The man in front of me in Starbucks was wearing sweatpants. Then he bent over.
There, on his ass, was the word “PINK.”
After thinking the obvious (Where can I get my hands on a pair of sweatpants like that?), I had to address a few other issues. Like…
Why was I staring at his ass?
Why he is putting words there?
Maybe our country really is collapsing.
I haven’t read enough history to know, but I think this ass-writing business is the beginning of the end.
Because no great people ever became great whilst reading each other’s asses.
It surely brought down the Romans (“Pinkus Maximus”), the Brits (“Ye Olde Pink”) and the Aztecs (“Quetzalpinkal”).
Of course, there is another side to this argument.

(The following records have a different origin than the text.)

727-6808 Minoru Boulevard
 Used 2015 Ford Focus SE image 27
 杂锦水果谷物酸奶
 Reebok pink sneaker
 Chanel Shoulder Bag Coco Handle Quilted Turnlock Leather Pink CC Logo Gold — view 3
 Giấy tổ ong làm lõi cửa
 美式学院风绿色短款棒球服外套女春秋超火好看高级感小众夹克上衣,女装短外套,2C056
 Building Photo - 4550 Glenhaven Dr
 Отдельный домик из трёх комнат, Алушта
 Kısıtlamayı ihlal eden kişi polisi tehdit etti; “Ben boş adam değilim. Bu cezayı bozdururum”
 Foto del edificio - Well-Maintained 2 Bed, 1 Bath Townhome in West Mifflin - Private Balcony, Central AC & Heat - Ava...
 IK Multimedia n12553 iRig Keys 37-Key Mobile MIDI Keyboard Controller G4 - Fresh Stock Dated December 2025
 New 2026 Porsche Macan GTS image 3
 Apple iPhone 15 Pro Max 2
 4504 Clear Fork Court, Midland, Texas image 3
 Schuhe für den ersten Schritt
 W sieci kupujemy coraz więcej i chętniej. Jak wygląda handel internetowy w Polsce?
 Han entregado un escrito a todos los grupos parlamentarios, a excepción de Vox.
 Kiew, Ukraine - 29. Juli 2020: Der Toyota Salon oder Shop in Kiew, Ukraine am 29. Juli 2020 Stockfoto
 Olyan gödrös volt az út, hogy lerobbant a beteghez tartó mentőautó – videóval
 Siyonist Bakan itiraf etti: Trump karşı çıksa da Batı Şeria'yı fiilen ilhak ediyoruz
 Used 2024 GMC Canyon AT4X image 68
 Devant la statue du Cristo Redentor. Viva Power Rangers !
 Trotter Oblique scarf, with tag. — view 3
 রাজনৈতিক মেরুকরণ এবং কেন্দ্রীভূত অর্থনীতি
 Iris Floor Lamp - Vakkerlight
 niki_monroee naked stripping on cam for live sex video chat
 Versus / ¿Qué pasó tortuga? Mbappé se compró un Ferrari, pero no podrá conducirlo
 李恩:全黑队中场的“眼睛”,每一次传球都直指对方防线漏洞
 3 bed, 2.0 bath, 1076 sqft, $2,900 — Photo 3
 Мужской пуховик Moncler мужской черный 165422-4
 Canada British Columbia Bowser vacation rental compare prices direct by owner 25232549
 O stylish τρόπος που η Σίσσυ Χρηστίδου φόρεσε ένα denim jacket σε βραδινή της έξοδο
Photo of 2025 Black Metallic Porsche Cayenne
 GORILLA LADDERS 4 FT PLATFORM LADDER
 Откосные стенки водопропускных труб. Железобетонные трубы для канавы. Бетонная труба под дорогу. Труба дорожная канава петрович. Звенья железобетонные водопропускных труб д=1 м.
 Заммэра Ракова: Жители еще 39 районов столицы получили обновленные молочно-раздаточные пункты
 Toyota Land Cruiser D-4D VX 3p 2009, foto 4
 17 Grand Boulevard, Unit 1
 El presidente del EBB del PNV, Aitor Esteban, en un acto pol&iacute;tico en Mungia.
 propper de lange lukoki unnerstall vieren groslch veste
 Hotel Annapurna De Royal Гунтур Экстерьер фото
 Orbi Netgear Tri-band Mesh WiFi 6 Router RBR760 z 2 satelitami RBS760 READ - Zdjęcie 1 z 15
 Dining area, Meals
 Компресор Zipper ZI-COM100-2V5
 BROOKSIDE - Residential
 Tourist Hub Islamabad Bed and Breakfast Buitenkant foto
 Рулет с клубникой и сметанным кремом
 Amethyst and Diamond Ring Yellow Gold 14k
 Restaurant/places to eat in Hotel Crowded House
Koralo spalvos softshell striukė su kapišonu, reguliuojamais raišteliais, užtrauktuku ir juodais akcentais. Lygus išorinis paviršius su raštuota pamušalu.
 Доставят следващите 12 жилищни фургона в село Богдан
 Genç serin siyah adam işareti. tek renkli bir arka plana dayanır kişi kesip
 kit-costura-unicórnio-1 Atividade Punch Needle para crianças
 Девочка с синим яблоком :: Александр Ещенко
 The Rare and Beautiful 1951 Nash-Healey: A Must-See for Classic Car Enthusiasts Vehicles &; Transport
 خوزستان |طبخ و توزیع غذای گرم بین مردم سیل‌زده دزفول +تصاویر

One steeped in the wisdom of one of our Founding Fathers.
For Benjamin Franklin believed that democracy is only as strong as its people are educated. And thus he established the first public library so that the American people would read.
But did that include the man’s ass in Starbucks?
Maybe that’s why our libraries are so empty now. So irrelevant.
Because we have each other’s sweatpants.
Let me leave on an uplifting note. And that is this:
If we want to strengthen this democracy, we need to start reading again. Reading everything. History, biography, science and great works of literature. But not in books.
Rather, we need to print Hamlet across the rear ends of a new line of sweatpants, one word per buttocks. And if all those people wearing all those sweatpants come into my Starbucks on the same day and in the right order, I will read Hamlet in its entirety. And so will you.
And those visiting our public libraries will find nothing but people in sweatpants. At one word per person, our libraries will get somewhat crowded. But we can use the stimulus funds to expand them. And that means jobs.
And the Republic will be saved.
Now if you’ll excuse me, I have some sweatpants to buy.